Top of SUPPLIED RECORDS

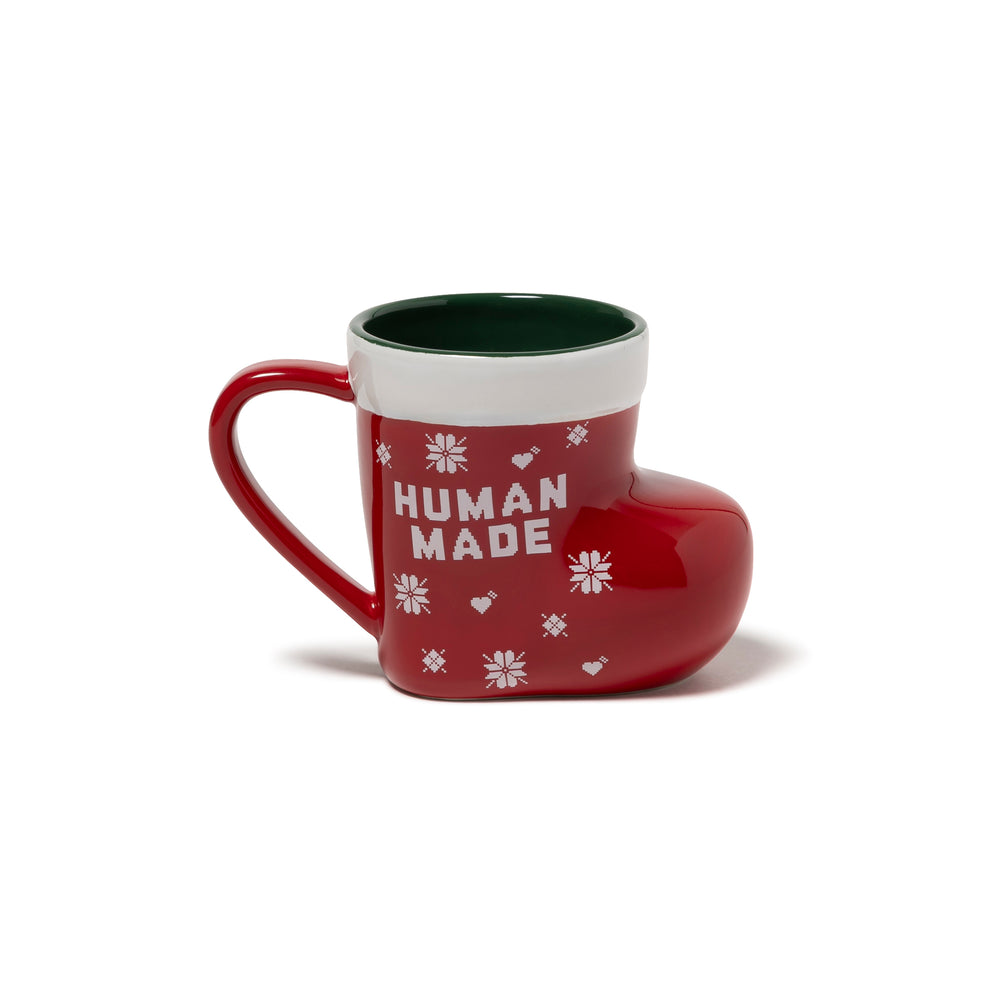 2025AW HUMAN MADE HOLIDAY BOOTS MUG 聖誕節限定 聖誕襪 馬克杯 現貨 HM30GD111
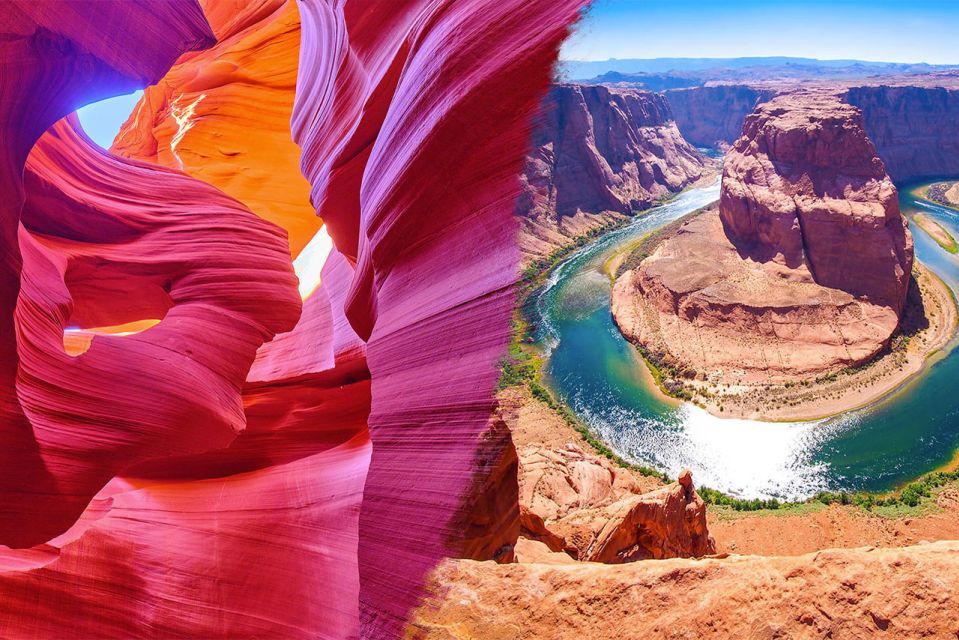 Las Vegas: Antelope Canyon, Horseshoe Bend Tour With Lunch - Experience Highlights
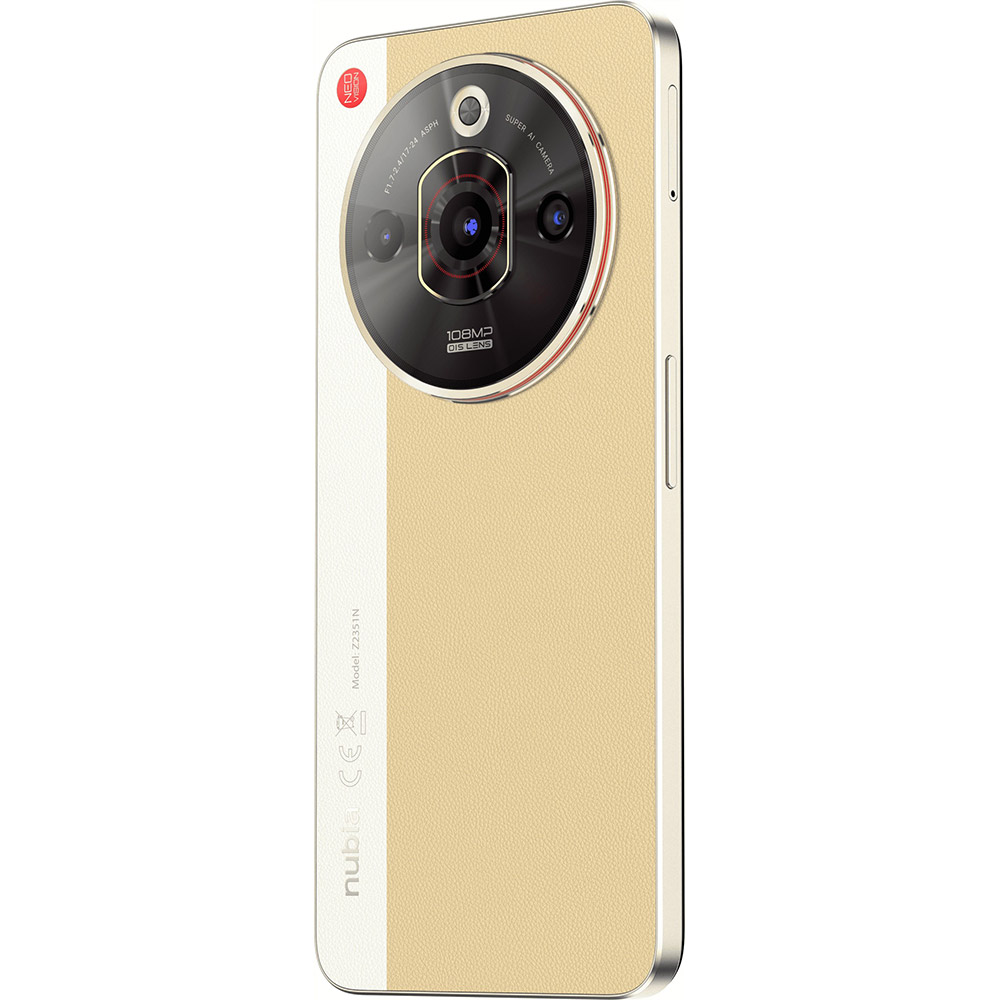 Фото Смартфон NUBIA Focus pro 5G 8/256GB Brown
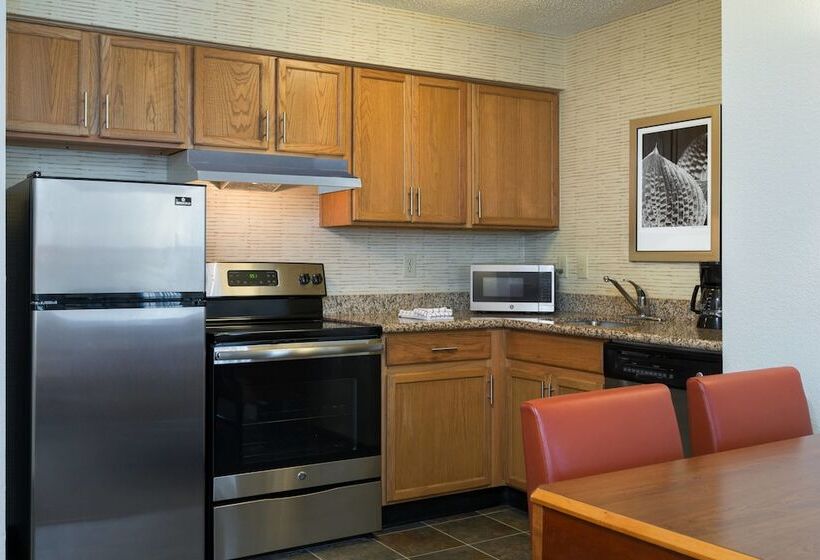 Отель Residence Inn By Marriott Austin Parmer/tech Ridge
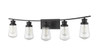 Z-LITE 1928-5V-BRZ 5 Light Vanity, Bronze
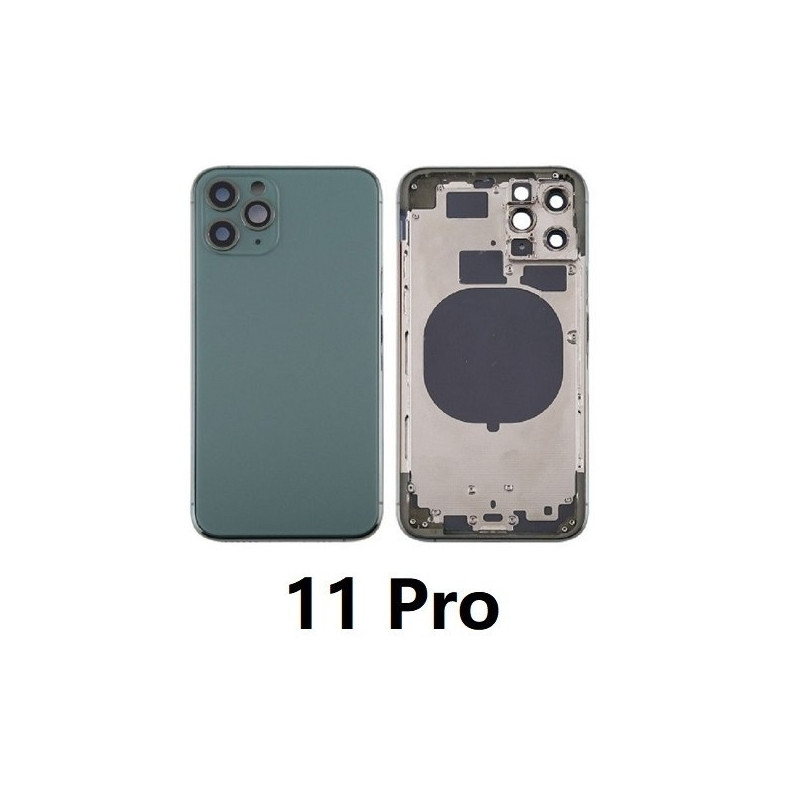 Chasis De Pantalla / Tapa Con Marco Para IPhone 11 Pro (VERDE)
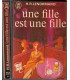 Une fille et une fille, Henri-René Lenormand, 1968 - Occupation, 2e guerre mondiale, prostitution, roman d'amour,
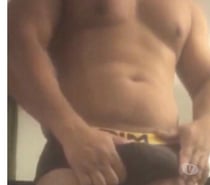 Beau étalon très bien membré XXL 20cmx14cm réel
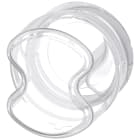 SIEMENS - Cappuccio di protezione in silicone per selettore corto, trasparente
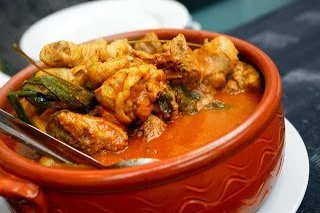 Malaysian Chicken Curry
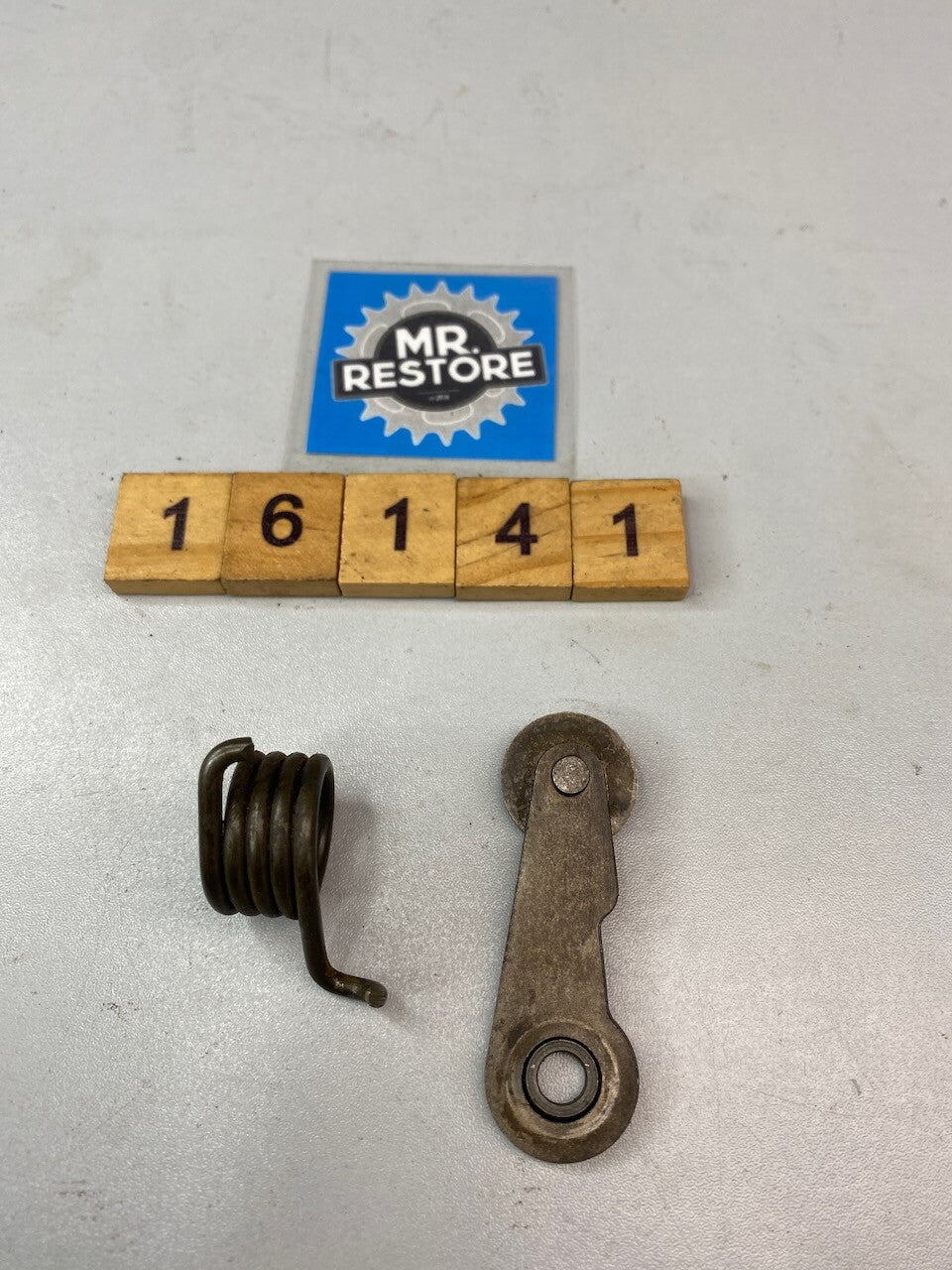 Yamaha XT600 XT500 TT600 SRX600 400 Stopper Lever Assy. & Spring  34K-18140-00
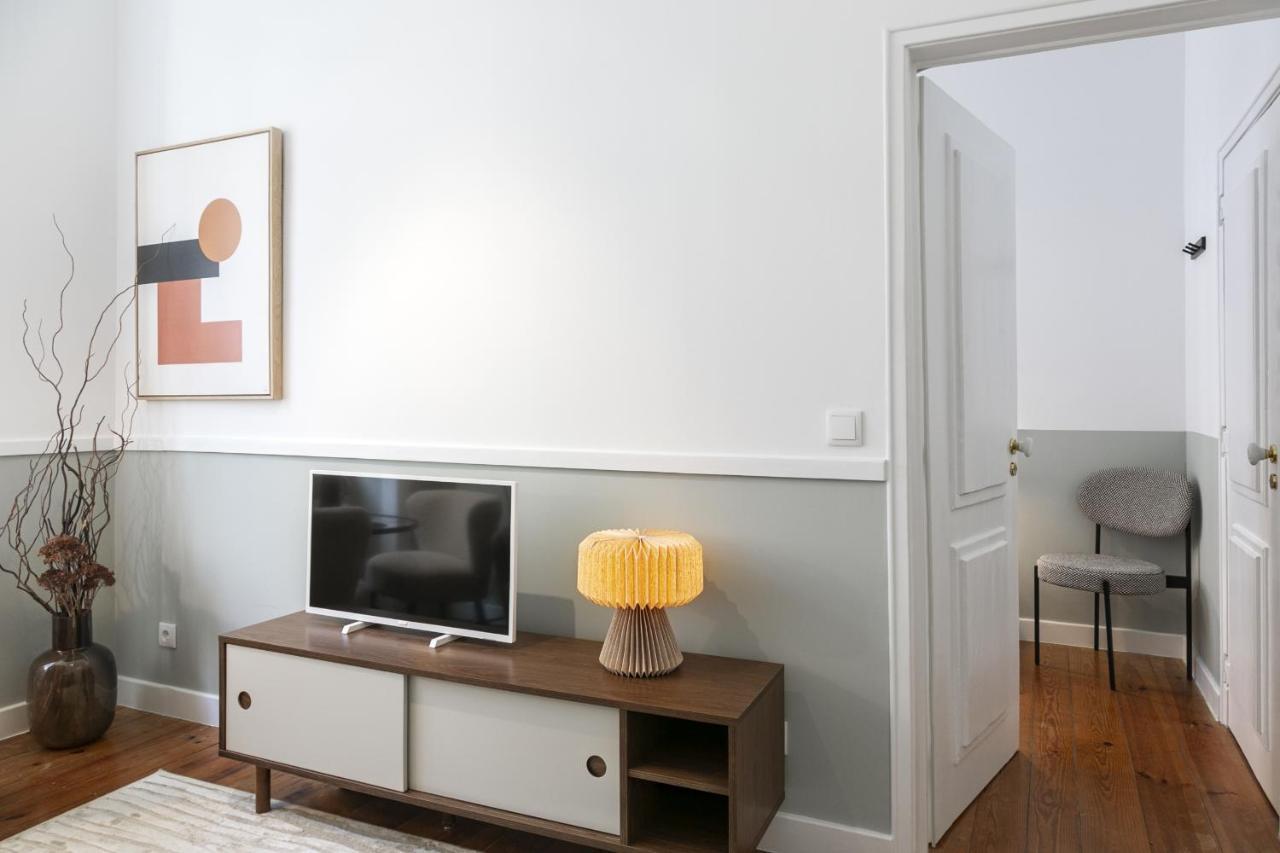 Downtown Flat With Design And Comfort At Downtown Lisboa Eksteriør bilde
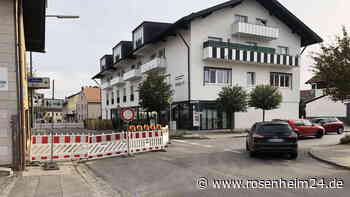 Wichtige Zufahrtsstraße gesperrt: Droht Bad Aibling ein Verkehrschaos?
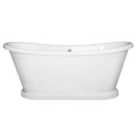 BC Designs Sanded 1800Mm Double Boat Bath Sanded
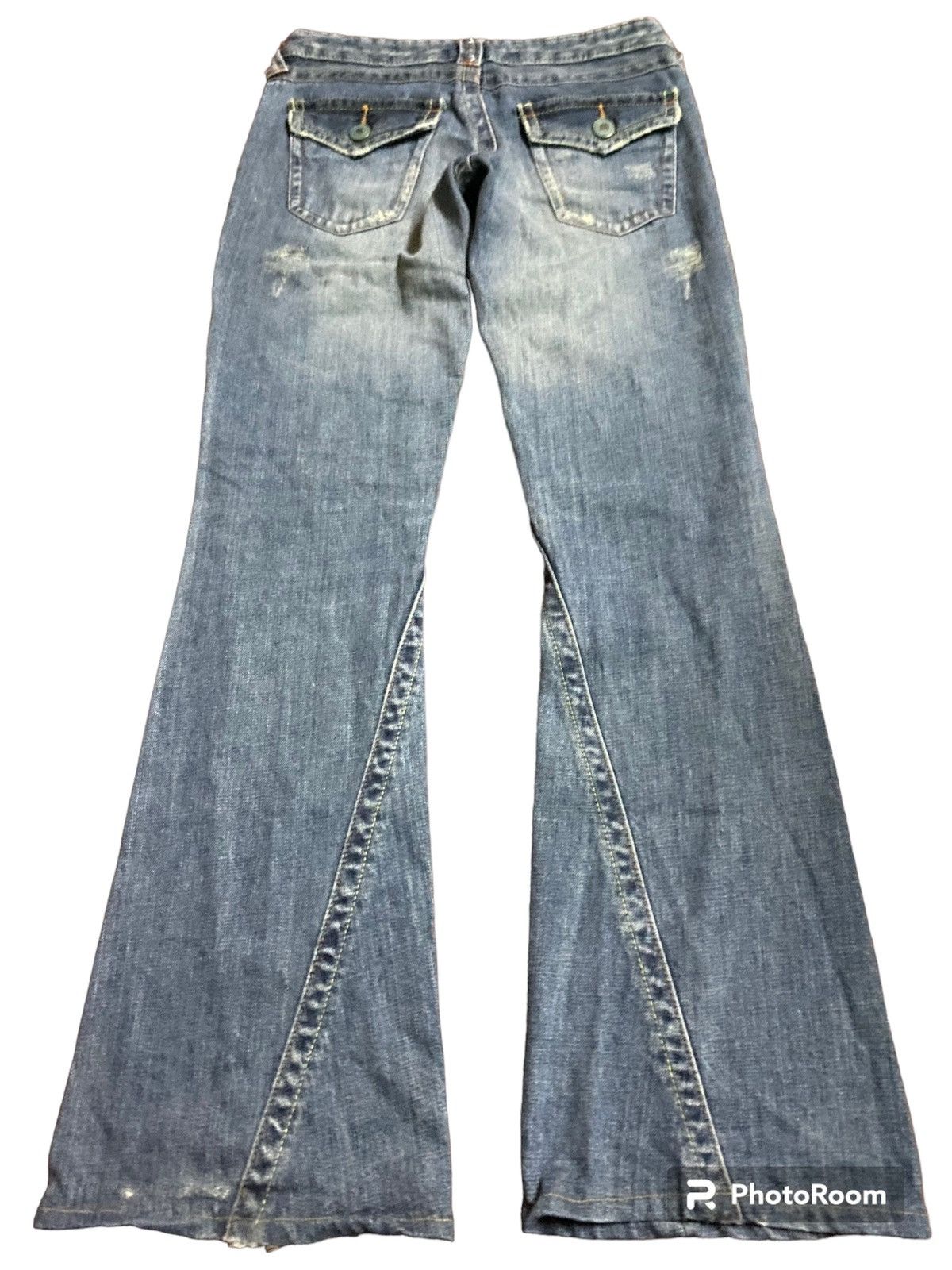 Hysteric Glamour × Japanese Brand Flare jeans bundy drive boot cut Size 30" / US 8 / IT 44 - 2 Thumbnail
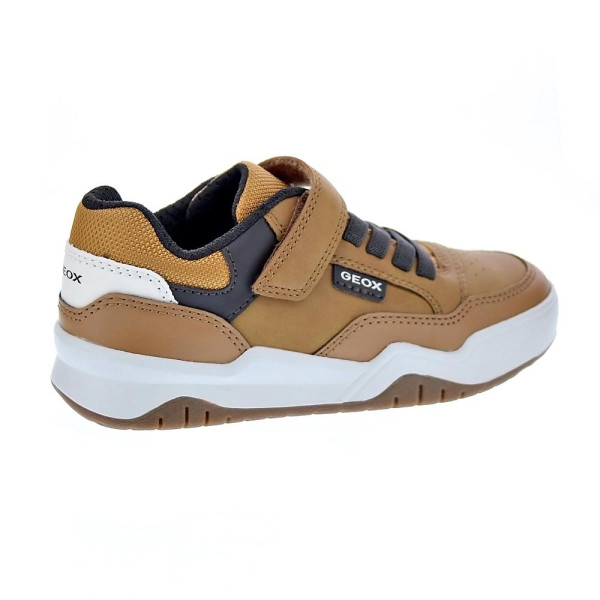 Zapatillas Geox zapatos Niño modelo Perth Boy Amarillo Elástico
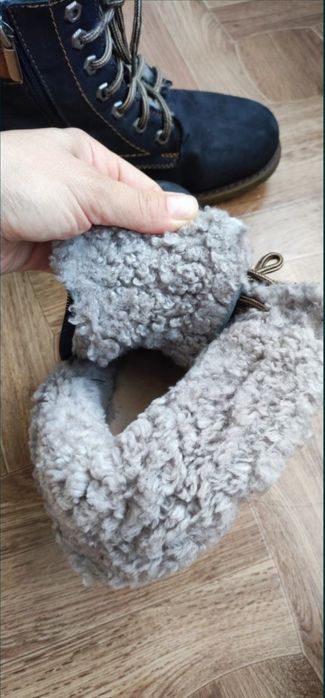 Зимние зимові  кожаные  ботинки сапоги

Bottom of SUPPLIED RECORDS

Here the job is to quote the lines from the one with "Zapatillas Geox zapatos" through the end of the material, both included, exactly; please skip the pictures.

=== ANSWER SPACE ===
 Zapatillas Geox zapatos Niño modelo Perth Boy Amarillo Elástico
 Зимние зимові  кожаные  ботинки сапоги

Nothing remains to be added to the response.